“The Dark Pictures: House of Ashes” Impressions

Normally I’d call these posts taking a look at the Humble Choice games “Early Impressions”, but I sort of broke the mould with this one and went ahead and finished it. Not to say I 100%’d it and got all the achievements — that would take a few more runs to do, but I completed my first run-through of the story.
But I’m perhaps getting a bit ahead of myself.
What is House of Ashes?
Well- it’s a movie, really. A horror movie more specifically. Albeit an interactive one. … A bit. The ‘gameplay’ comes down to one of a few options. Walking around inspecting objects for additional lore or context, making a decision, clicking the left or right button, or, er, clicking the left or right button fast and repeatedly until you fill the circle.

But to boil down the interactive elements so reductively is certainly to sell the experience short.
One thing I really liked is that outside of the more ‘obvious’ QTE sessions, a cutscene might reveal a trip wire for instance, and require an interaction to avoid a mishap.
It’s a rather subtle way of ratcheting up the tension in the appropriate moments, as House of Ashes has trained you that you can’t simply sit back and watch. Something could happen that requires your intervention at any moment. An already edge-of-your-seat moment in the narrative just has that little extra oomph knowing that failure to act could result in the death of one of the main characters.
In my particular run, only two made it out to see the light of day.

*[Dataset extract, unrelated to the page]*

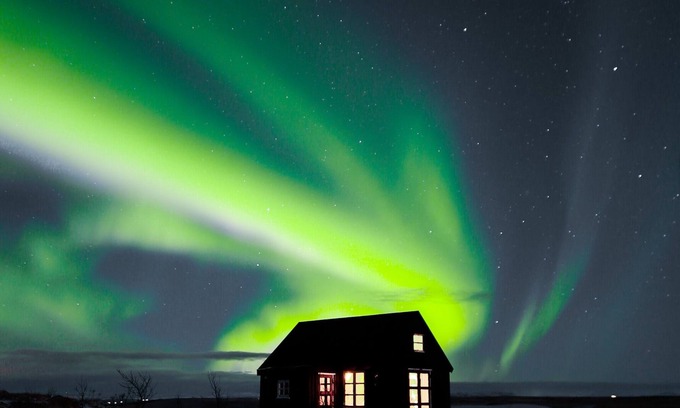 Kjosarhreppur Casa | View of volcano Hekla and horse pastures, very cozy and quiet,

Which probably leads me into discussing the setting of the story with you. Outside of a brief prologue sequence, you’ll find yourself in Iraq, 2003 and participating in a joint military and CIA operation to take down a suspected underground chemical weapons cache of Saddam Hussein.
Of course… It’s nothing of the sort, and you wind up tumbling headlong into ancient ruins where strange happenings rather quickly turn potentially deadly.
I enjoyed the story, and appreciate that it took the odd unexpected turn, adding a bit of twist to what might otherwise be fairly familiar ground.

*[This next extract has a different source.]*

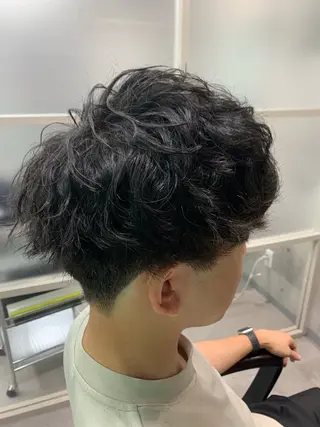 ショート パーマ メンズ La fith hair bath ラフィスヘアーバース所属・御坂 (ミサカ)のヘアスタイル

If I was to have any complaint, it would be that the run time felt a little on the long side. At least when judged as a movie experience. I do understand this is nominally a game as well and some expectations come along with that. Steam tells me that I spent a bit over six hours completing my playthrough.
Looking things up, it looks like four full runs if you want to get every single achievement of the game.
Suffice to say, I’m not interested in pursuing that.
However, upon completing the game you also unlock the Curator’s Cut of the game (you play through the Theatrical Cut first). In this version, you play through more or less the same scenes but from a different character’s perspective and have different options to go alongside.
I feel like that’s a fairly cool approach to mixing things up, and I might be tempted to play the game again that way at some point in the future.

All in all, I was pleasantly surprised by how much I enjoyed House of Ashes.
I had heard that The Dark Pictures anthology (of which this is a part) was perhaps… Not very good. I can’t comment on the other entries in season 1 (which is now complete), but I can tell you playing through this one has given me new interest in checking out the others as well.
And this was simply playing through the single player version!
You can, optionally, play with someone else — or multiple someone else’s!
If you like the sound of an interactive movie or enjoyed the Telltale games of a similar vein, I’d suggest that this month’s Humble Choice is well worth the pick-up!